“E, aquele
Que não morou nunca em seus próprios abismos
Nem andou em promiscuidade com os seus fantasmas
Não foi marcado. Não será exposto
Às fraquezas, ao desalento, ao amor, ao poema.”
Que não morou nunca em seus próprios abismos
Nem andou em promiscuidade com os seus fantasmas
Não foi marcado. Não será exposto
Às fraquezas, ao desalento, ao amor, ao poema.”
Manoel de Barros
Raimundo
Arruda Sobrinho, um velhinho simpático de 74 anos, viveu os últimos vinte anos,
como morador de rua, no canteiro central da avenida Pedroso Morais, na Zona Oeste de São Paulo. Nascera no
Tocantins , filho de um vaqueiro, viera tentar a sorte na capital paulista,
ainda rapazinho , após ser reprovado na segunda série ginasial.

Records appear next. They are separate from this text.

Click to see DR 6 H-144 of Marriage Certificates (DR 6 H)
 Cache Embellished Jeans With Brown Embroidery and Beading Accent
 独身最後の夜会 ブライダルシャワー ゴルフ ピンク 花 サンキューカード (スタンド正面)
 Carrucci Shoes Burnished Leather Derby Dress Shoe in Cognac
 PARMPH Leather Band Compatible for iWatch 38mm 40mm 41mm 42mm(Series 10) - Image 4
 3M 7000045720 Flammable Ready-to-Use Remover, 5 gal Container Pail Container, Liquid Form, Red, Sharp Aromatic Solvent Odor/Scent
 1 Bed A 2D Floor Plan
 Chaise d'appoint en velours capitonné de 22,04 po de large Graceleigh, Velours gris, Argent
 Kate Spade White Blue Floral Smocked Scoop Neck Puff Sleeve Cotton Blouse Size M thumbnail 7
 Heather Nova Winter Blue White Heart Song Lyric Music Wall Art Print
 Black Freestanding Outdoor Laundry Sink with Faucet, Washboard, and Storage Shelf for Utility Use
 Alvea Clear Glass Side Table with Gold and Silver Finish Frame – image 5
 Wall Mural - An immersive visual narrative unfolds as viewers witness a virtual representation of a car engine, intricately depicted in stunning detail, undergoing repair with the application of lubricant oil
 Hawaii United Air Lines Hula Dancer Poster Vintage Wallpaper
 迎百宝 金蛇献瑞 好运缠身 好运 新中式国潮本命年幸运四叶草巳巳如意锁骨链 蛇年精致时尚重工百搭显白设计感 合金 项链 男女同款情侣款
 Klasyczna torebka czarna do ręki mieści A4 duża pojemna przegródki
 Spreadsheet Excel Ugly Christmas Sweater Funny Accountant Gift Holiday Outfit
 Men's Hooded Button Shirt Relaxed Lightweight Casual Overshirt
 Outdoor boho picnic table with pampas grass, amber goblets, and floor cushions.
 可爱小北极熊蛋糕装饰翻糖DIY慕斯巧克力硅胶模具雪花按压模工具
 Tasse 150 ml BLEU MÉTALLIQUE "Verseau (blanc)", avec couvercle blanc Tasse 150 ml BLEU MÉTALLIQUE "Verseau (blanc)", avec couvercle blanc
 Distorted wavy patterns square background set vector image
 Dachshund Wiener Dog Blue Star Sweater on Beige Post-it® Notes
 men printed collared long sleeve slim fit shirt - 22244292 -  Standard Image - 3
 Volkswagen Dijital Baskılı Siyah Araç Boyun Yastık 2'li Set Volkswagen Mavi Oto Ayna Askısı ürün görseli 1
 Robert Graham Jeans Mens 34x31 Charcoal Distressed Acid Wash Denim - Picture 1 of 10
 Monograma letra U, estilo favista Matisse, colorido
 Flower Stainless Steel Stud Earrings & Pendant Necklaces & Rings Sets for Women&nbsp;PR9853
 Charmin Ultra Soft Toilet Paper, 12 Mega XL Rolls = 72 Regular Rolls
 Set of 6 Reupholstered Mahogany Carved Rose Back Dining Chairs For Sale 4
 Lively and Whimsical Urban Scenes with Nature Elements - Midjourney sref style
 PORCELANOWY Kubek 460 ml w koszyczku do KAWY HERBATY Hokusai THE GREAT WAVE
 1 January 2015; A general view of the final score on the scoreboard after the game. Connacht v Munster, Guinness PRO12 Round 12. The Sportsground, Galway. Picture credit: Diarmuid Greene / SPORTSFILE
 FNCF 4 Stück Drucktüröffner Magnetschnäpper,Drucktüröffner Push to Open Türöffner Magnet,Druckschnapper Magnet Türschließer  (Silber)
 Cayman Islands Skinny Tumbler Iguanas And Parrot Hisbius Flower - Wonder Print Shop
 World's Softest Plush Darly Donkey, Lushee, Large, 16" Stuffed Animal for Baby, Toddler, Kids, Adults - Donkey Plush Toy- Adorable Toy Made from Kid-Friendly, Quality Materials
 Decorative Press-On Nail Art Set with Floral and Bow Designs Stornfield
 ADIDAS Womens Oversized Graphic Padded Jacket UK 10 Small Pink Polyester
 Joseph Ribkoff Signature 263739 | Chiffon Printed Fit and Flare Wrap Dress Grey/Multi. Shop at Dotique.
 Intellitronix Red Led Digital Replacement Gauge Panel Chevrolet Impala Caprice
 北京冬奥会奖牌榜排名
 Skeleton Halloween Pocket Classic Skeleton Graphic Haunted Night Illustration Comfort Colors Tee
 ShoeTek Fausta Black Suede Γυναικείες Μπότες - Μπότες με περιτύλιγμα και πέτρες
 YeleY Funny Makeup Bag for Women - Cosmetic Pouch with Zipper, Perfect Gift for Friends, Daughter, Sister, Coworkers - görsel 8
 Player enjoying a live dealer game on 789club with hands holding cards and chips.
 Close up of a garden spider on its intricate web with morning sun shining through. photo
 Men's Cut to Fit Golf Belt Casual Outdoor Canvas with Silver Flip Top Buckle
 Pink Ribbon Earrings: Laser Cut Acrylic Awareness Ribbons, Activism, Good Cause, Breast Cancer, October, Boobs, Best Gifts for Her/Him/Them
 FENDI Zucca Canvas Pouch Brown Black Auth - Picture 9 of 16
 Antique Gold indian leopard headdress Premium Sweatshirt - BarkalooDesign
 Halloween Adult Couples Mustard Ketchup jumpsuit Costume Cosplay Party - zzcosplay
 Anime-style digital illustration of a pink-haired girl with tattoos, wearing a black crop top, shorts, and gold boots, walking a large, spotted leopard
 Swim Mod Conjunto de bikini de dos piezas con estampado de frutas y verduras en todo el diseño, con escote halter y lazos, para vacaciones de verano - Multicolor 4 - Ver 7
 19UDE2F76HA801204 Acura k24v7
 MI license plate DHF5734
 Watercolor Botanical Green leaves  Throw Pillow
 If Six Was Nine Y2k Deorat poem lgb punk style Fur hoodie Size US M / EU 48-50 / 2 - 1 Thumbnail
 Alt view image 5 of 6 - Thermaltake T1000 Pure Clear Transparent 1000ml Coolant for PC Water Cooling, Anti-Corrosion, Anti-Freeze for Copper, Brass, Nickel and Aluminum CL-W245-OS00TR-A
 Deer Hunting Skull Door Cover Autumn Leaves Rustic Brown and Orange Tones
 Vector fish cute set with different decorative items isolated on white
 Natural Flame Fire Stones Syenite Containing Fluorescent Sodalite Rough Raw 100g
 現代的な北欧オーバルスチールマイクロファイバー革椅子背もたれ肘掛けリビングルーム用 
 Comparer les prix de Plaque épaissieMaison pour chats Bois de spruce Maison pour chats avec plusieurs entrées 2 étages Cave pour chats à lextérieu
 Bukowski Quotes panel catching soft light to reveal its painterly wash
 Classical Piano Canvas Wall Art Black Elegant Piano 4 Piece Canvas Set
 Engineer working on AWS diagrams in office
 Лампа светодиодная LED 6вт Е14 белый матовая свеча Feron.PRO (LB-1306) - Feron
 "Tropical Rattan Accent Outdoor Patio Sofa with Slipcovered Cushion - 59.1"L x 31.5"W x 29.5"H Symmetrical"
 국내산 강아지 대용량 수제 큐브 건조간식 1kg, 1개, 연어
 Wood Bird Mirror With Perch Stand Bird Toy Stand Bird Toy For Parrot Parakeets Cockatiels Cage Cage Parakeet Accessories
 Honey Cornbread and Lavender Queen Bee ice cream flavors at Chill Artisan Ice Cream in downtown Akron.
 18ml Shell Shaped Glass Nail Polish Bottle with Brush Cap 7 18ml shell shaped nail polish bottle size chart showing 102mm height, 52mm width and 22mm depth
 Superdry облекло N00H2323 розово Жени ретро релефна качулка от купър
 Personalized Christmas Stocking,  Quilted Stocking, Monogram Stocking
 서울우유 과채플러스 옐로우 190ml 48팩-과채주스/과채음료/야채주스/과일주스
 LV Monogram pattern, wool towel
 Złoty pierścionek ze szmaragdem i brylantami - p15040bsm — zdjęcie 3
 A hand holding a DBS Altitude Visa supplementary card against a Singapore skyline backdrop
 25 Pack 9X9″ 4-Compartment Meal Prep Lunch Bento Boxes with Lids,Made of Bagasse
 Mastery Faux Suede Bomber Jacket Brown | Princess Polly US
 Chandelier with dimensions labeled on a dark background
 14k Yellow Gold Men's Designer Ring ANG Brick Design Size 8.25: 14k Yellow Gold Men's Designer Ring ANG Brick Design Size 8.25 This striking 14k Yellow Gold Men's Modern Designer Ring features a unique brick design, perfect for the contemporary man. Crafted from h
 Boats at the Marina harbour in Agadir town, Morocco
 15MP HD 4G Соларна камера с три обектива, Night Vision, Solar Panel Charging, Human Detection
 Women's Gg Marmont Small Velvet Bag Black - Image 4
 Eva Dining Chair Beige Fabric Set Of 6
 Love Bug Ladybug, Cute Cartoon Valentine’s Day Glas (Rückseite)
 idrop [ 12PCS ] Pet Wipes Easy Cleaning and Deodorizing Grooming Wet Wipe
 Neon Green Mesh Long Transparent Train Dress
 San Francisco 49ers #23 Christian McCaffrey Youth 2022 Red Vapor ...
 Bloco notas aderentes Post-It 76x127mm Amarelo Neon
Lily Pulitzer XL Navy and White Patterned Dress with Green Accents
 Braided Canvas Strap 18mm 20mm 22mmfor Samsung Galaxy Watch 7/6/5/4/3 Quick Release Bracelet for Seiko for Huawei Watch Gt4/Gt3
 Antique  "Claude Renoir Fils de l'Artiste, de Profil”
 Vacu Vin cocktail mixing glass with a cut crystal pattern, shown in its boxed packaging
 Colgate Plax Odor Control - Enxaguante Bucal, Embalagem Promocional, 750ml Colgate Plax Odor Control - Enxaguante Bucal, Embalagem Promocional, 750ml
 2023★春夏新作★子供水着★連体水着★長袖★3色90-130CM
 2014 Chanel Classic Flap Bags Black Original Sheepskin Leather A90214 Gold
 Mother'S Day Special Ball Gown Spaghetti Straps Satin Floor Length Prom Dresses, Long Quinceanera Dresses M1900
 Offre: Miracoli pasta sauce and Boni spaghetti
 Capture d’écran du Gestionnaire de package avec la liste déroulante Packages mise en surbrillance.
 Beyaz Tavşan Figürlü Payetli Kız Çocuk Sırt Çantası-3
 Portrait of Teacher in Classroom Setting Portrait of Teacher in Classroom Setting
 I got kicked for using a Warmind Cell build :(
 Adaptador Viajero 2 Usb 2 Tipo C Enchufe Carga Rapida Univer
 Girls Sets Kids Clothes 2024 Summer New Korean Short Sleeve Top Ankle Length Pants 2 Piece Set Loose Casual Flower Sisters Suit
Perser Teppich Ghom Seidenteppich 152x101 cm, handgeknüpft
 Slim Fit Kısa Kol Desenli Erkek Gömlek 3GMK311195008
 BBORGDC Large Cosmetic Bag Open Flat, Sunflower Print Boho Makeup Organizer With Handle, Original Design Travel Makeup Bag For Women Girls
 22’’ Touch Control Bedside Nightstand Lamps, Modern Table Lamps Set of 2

Como
todo migrante, meteu-se nas mais variadas profissões, desde
jardineiro a vendedor de livros
velhos,inclusive com passagens em hospitais psiquiátricos Tentou a vida ainda
como migrante ilegal no Paraguai, na Argentina e no Uruguai . Até 1978 já
computava mais de quatorze endereços, quando , definitivamente, fez da rua seu
bangalô. Em 1993, por fim, adotou o canteiro central da avenida Pedroso Morais,
como seu lar. Barba longa e desgrenhada, higiene precária, roupas em
frangalhos. Ali, na dura selva urbana, conviveu com a fauna típica do submundo
brasileiro : esmoleres, bêbados, prostitutas, bandidos, traficantes,
descuidistas, menores abandonados e adolescentes delinquentes de classe média jogando o seu
esporte preferido : churrasco de mendigo.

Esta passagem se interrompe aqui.